Data section:
=== Section Start ===

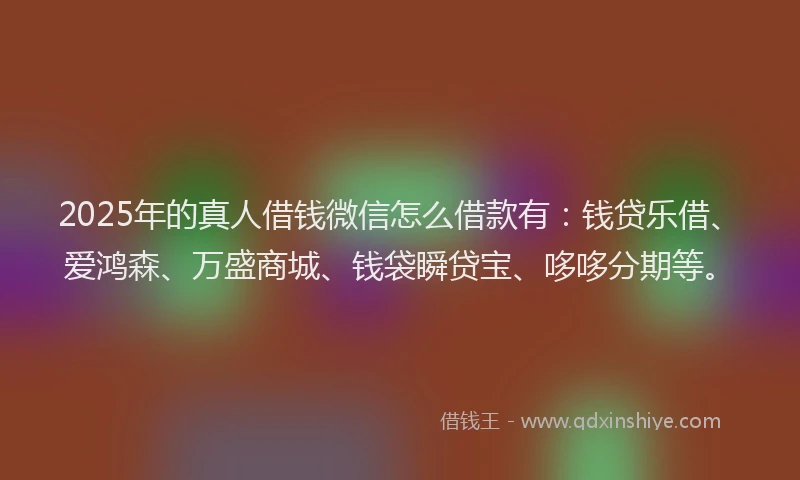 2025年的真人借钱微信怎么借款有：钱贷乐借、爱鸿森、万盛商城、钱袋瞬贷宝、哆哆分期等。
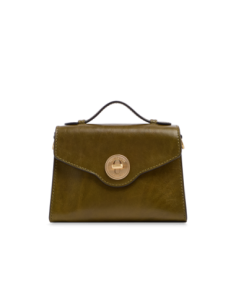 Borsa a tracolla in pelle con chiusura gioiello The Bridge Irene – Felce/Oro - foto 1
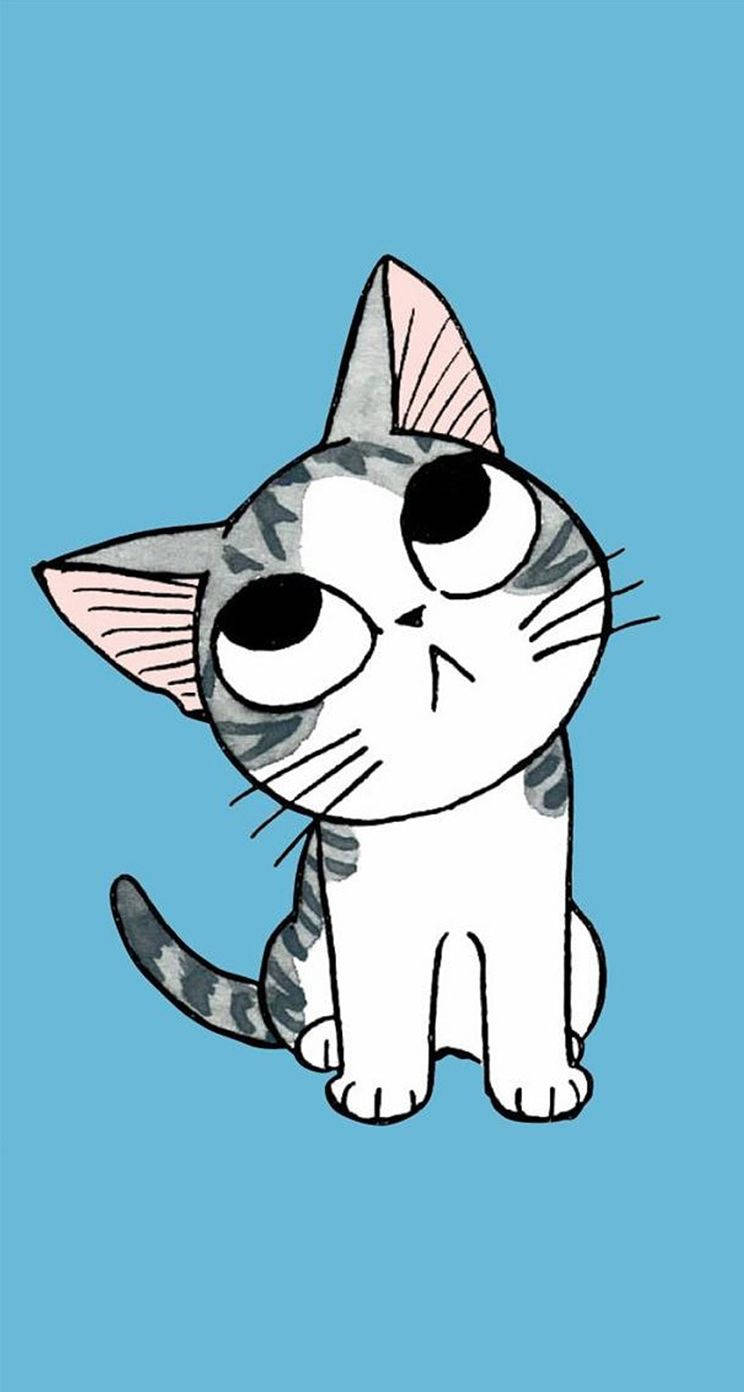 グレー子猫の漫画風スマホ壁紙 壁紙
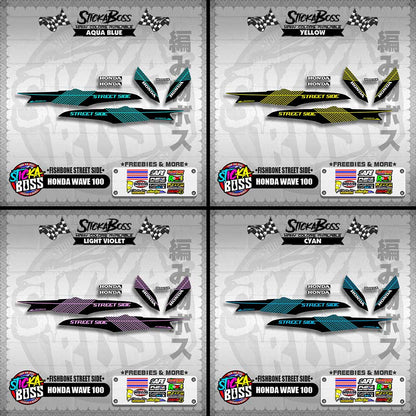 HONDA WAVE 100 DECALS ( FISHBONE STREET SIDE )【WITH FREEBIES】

=== Section End ===

Work to complete:
What is needed here is an exact transcript of the data above, pictures excluded.

Written response:
 2025年的真人借钱微信怎么借款有：钱贷乐借、爱鸿森、万盛商城、钱袋瞬贷宝、哆哆分期等。
 Borsa a tracolla in pelle con chiusura gioiello The Bridge Irene – Felce/Oro - foto 1
 グレー子猫の漫画風スマホ壁紙 壁紙
 HONDA WAVE 100 DECALS ( FISHBONE STREET SIDE )【WITH FREEBIES】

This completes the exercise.